Ces noms de profession féminisés ont-ils disparu pour des raisons politiques? Sans doute. Dans un système profondément sexiste, les réformateurs de l’Académie française – qui sont restés « entre hommes » jusqu’en 1980 et qui ne comptent encore que 4 femmes sur 40 « Immortels » – auraient considéré qu’il était assez logique de masculiniser les noms des professions considérées comme prestigieuses. Pas de problème pour celles qui l’étaient moins, elles ont pu garder leur caractère féminin. Ainsi, une boulangère a pu rester boulangère. [Notons que chez URBANIA, on adore le pain. On considère que la boulangerie est l’un des domaines les plus nobles qui soient.]

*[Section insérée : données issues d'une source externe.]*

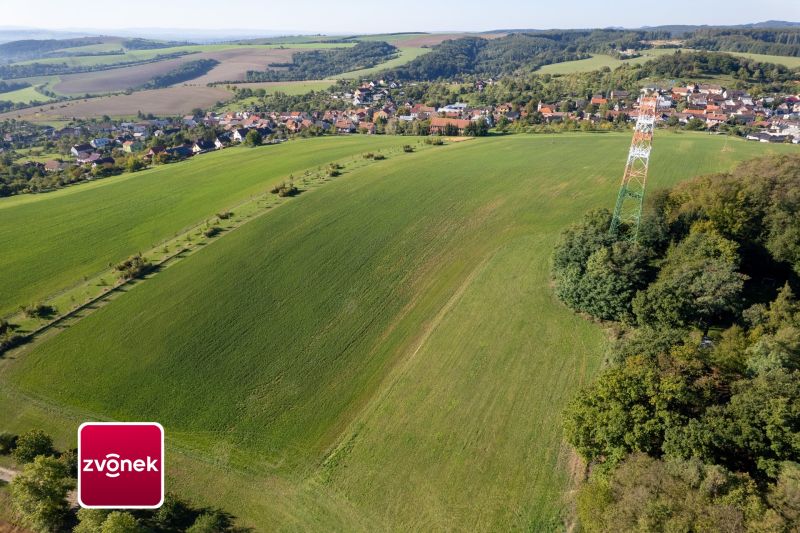 Prodej pozemku 9 303 m², Žlutava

Mais dans le fond, est-ce un problème de parler des droits de l’Homme si les droits de tous sont garantis pareil? Oui, répondent les intellectuels qui militent pour éradiquer le terme « Homme » de la déclaration de 1948. De fait, un tel terme véhicule des clichés, donne priorité à l’homme sur la femme, et invisibilise cette dernière. Un sondage réalisé en France en 1998 montre que dans l’imaginaire collectif, l’expression « Les droits de l’Homme » renvoit d’abord aux droits des hommes, et pas des femmes, donc. Un argument suffisant pour rappeler à la France qu’une langue n’est pas seulement un outil de communication, mais peut aussi, à l’occasion, être un outil d’inclusion… ou d’exclusion.